---- Supplied material

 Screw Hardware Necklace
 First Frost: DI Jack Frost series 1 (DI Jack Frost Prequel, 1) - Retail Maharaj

--------
---- Supplied material

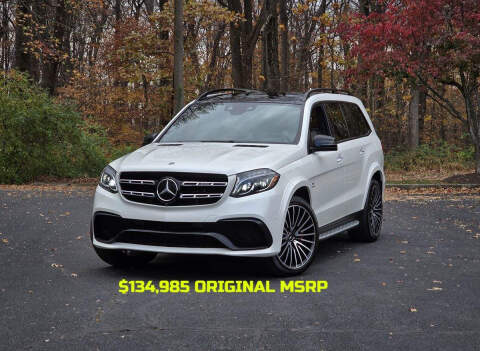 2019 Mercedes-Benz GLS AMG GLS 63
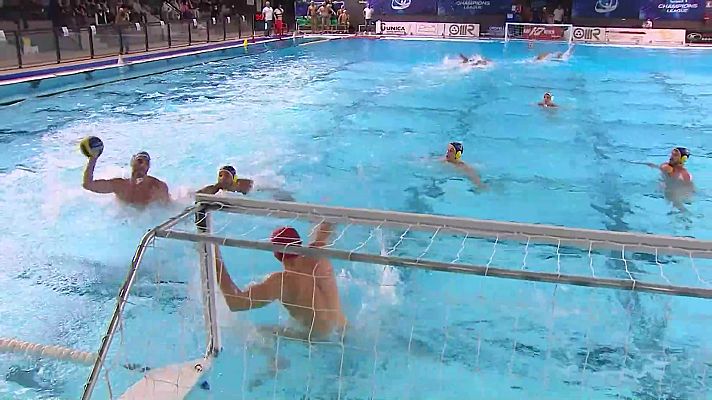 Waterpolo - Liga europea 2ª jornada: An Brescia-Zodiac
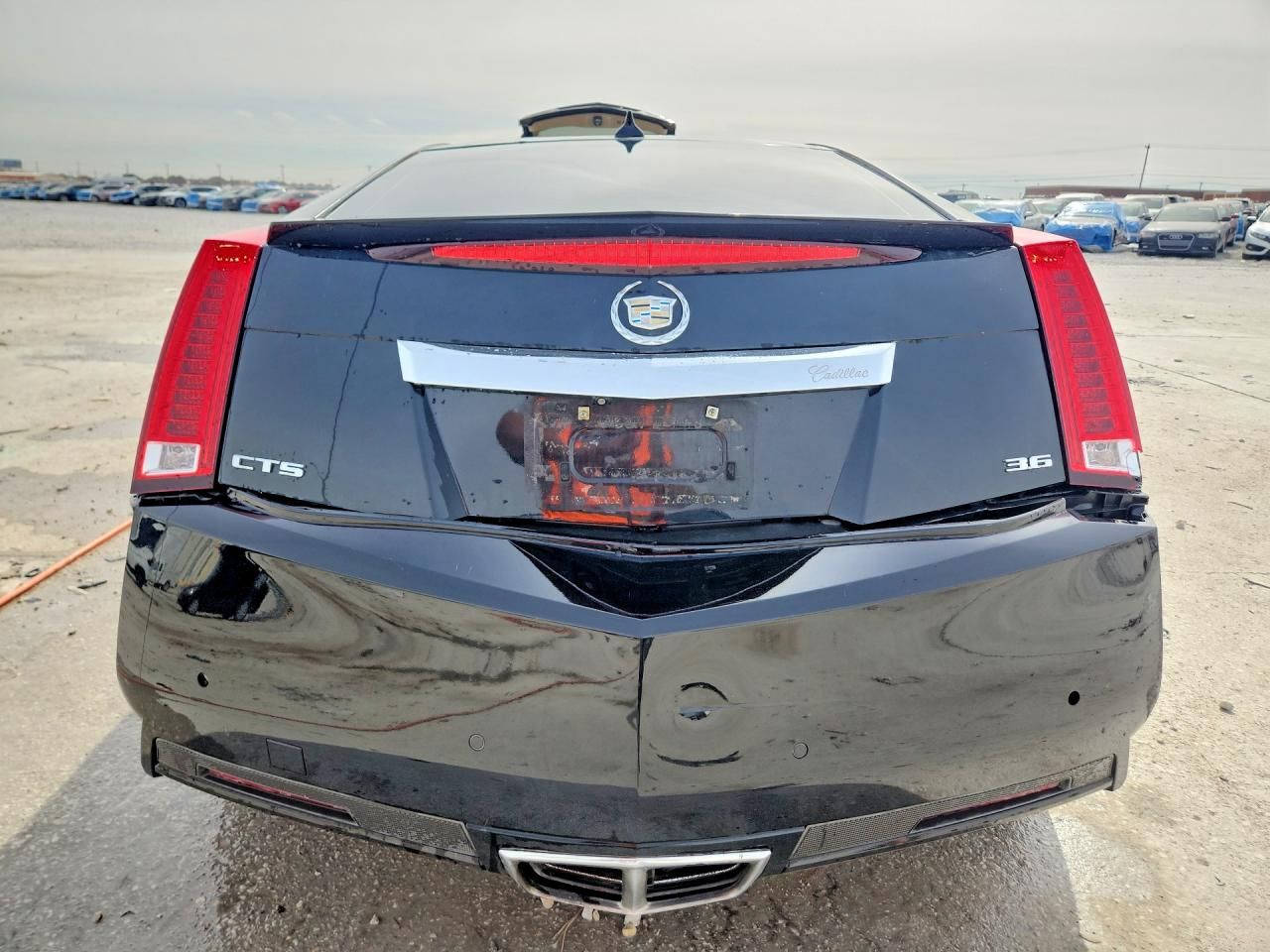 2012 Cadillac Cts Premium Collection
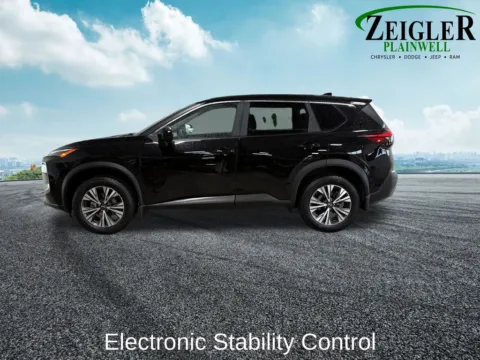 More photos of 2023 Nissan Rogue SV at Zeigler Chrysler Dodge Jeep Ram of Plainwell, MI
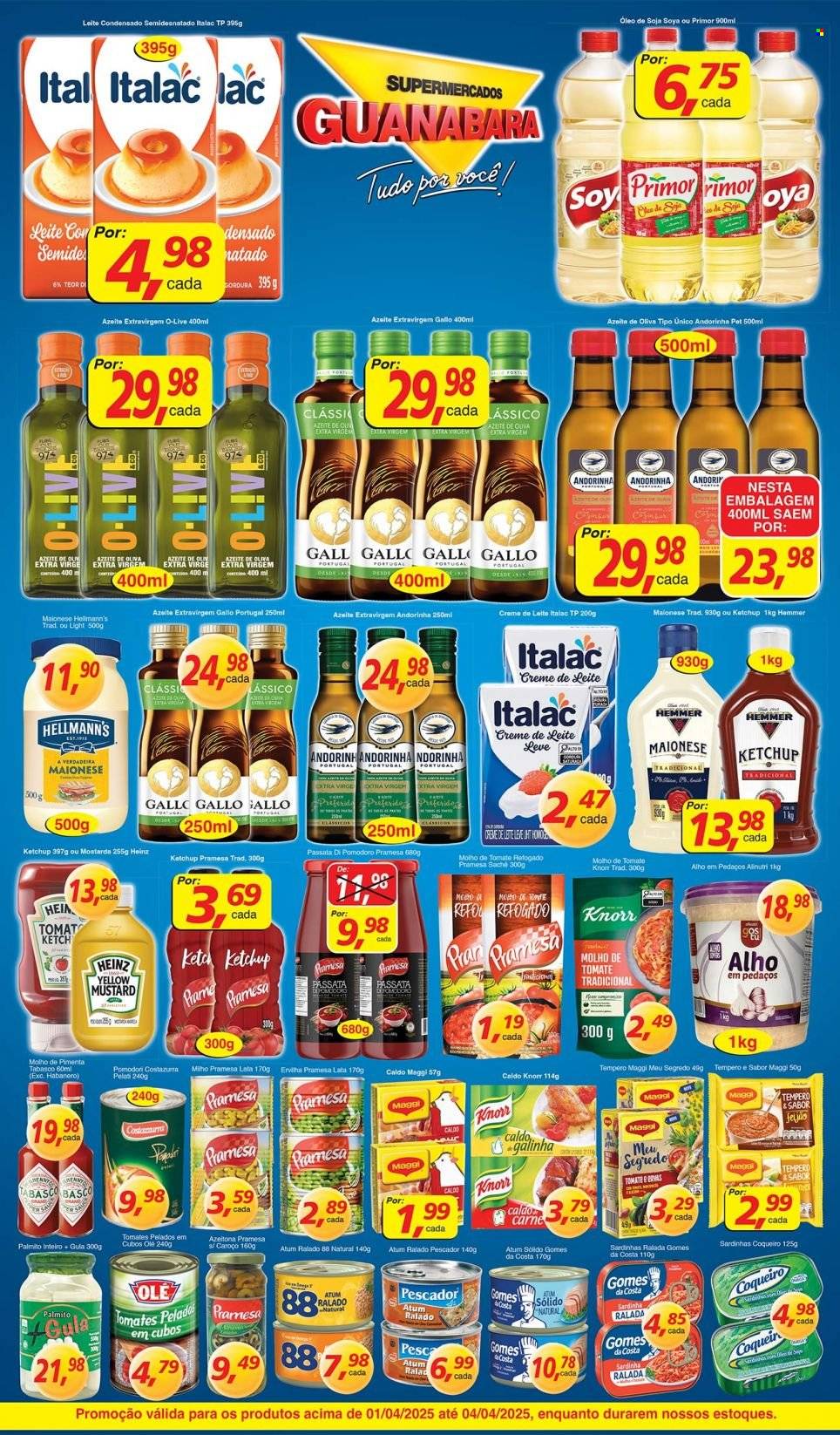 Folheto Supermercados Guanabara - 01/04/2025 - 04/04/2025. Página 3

--------
---- Supplied material

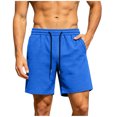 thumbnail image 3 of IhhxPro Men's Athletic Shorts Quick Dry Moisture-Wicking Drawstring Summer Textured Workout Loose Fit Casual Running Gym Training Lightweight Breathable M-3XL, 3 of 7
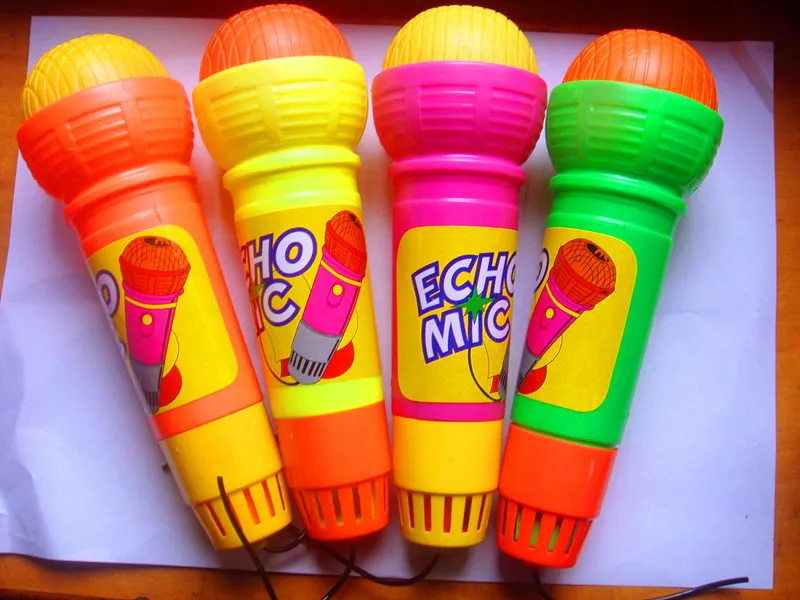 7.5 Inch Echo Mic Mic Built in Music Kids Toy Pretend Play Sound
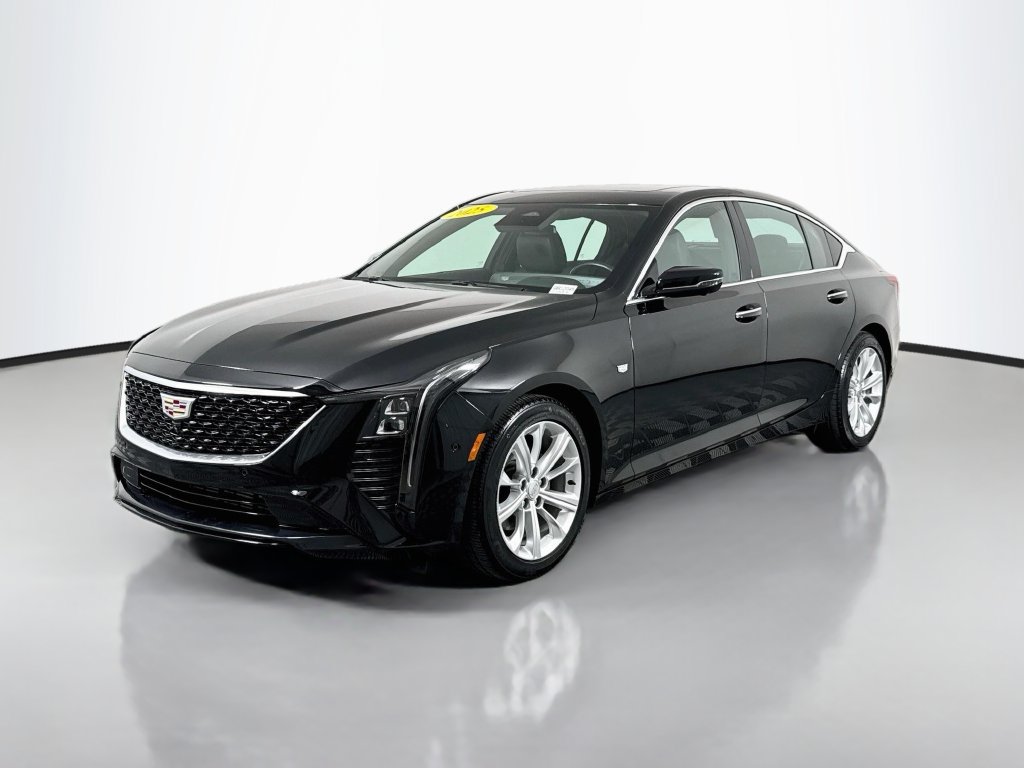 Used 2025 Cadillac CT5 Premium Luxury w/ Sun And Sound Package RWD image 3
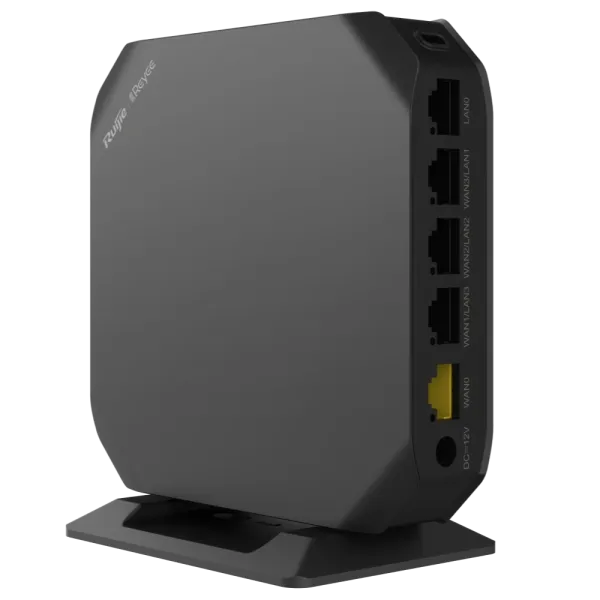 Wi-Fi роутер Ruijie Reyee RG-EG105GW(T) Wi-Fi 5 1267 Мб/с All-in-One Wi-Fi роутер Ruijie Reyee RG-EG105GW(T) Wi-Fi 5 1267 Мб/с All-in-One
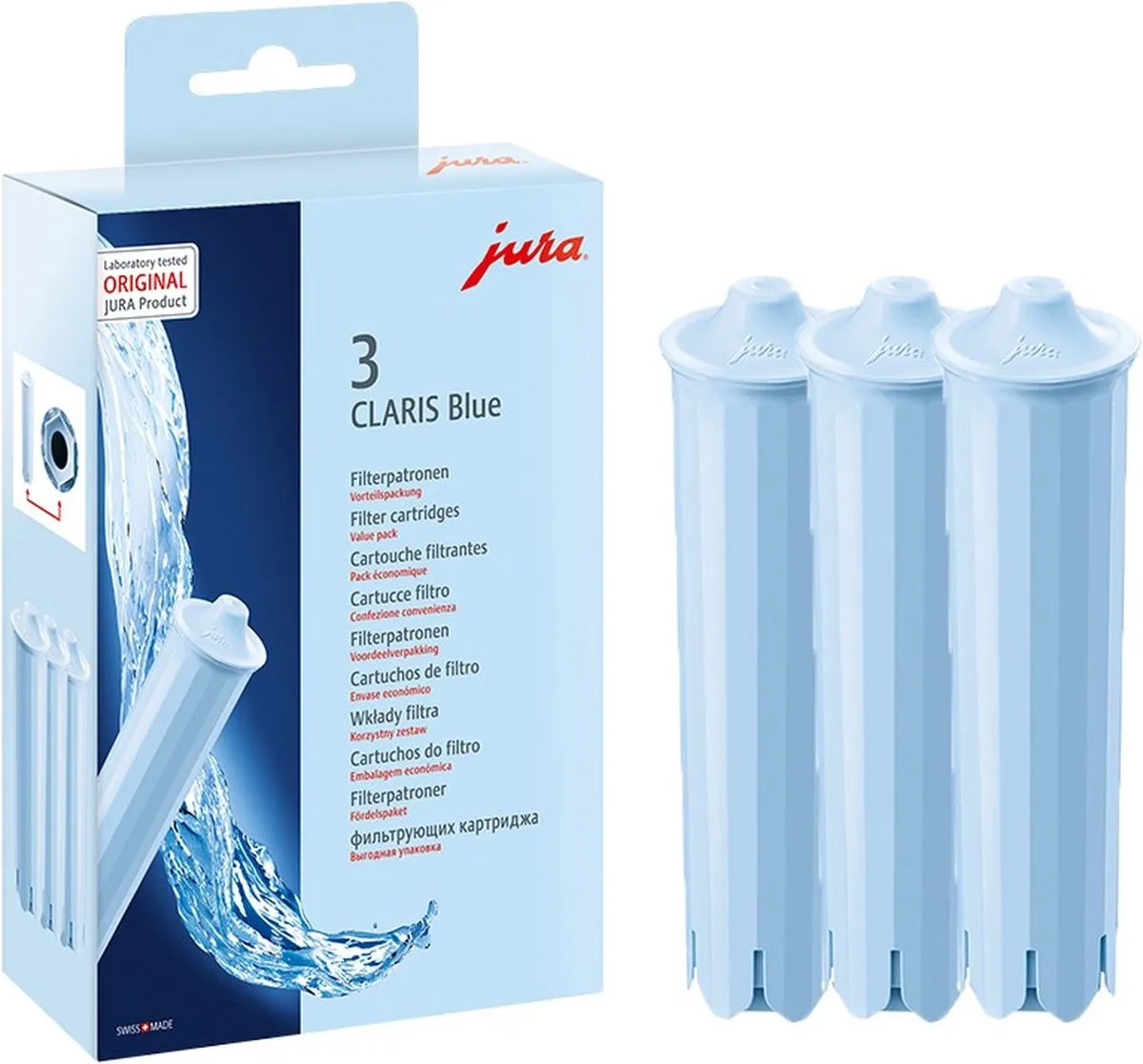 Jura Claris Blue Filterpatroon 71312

--------

*Exercise description*
Quote word for word only the lines above from the one containing "More photos of" through the one containing "Folheto Supermercados Guanabara". Pictures stay out of your copy.

*Response*
 More photos of 2023 Nissan Rogue SV at Zeigler Chrysler Dodge Jeep Ram of Plainwell, MI
 Folheto Supermercados Guanabara - 01/04/2025 - 04/04/2025. Página 3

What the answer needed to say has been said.